Take every entry below and copy it out word for word.
***** RECORD EXTRACTS *****
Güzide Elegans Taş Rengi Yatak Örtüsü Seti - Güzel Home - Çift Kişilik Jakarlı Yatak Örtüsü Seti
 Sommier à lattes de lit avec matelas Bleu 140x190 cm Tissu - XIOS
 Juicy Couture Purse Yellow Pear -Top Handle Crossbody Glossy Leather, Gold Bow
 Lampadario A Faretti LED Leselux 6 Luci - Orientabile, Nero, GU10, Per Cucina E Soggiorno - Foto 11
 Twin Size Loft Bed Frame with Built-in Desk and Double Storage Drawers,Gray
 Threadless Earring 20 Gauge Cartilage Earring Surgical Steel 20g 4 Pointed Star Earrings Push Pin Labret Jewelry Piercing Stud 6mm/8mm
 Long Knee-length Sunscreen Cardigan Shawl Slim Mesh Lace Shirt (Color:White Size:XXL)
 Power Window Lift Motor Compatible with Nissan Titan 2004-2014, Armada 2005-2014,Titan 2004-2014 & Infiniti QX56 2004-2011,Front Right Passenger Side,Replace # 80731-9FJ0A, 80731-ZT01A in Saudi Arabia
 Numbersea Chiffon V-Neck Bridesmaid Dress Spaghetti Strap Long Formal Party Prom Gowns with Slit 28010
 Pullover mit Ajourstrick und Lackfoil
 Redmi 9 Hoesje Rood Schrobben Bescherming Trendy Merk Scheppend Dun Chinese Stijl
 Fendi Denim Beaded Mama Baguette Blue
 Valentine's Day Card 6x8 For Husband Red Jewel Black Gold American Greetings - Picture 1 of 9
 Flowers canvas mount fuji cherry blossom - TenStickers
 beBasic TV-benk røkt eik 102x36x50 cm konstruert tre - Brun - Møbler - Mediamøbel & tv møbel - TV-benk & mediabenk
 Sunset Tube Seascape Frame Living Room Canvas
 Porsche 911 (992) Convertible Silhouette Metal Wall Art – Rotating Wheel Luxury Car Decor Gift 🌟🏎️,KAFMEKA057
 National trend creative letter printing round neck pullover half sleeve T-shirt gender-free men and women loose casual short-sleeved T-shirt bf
*****
▶ [ANSWER AREA]:
Güzide Elegans Taş Rengi Yatak Örtüsü Seti - Güzel Home - Çift Kişilik Jakarlı Yatak Örtüsü Seti
 Sommier à lattes de lit avec matelas Bleu 140x190 cm Tissu - XIOS
 Juicy Couture Purse Yellow Pear -Top Handle Crossbody Glossy Leather, Gold Bow
 Lampadario A Faretti LED Leselux 6 Luci - Orientabile, Nero, GU10, Per Cucina E Soggiorno - Foto 11
 Twin Size Loft Bed Frame with Built-in Desk and Double Storage Drawers,Gray
 Threadless Earring 20 Gauge Cartilage Earring Surgical Steel 20g 4 Pointed Star Earrings Push Pin Labret Jewelry Piercing Stud 6mm/8mm
 Long Knee-length Sunscreen Cardigan Shawl Slim Mesh Lace Shirt (Color:White Size:XXL)
 Power Window Lift Motor Compatible with Nissan Titan 2004-2014, Armada 2005-2014,Titan 2004-2014 & Infiniti QX56 2004-2011,Front Right Passenger Side,Replace # 80731-9FJ0A, 80731-ZT01A in Saudi Arabia
 Numbersea Chiffon V-Neck Bridesmaid Dress Spaghetti Strap Long Formal Party Prom Gowns with Slit 28010
 Pullover mit Ajourstrick und Lackfoil
 Redmi 9 Hoesje Rood Schrobben Bescherming Trendy Merk Scheppend Dun Chinese Stijl
 Fendi Denim Beaded Mama Baguette Blue
 Valentine's Day Card 6x8 For Husband Red Jewel Black Gold American Greetings - Picture 1 of 9
 Flowers canvas mount fuji cherry blossom - TenStickers
 beBasic TV-benk røkt eik 102x36x50 cm konstruert tre - Brun - Møbler - Mediamøbel & tv møbel - TV-benk & mediabenk
 Sunset Tube Seascape Frame Living Room Canvas
 Porsche 911 (992) Convertible Silhouette Metal Wall Art – Rotating Wheel Luxury Car Decor Gift 🌟🏎️,KAFMEKA057
 National trend creative letter printing round neck pullover half sleeve T-shirt gender-free men and women loose casual short-sleeved T-shirt bf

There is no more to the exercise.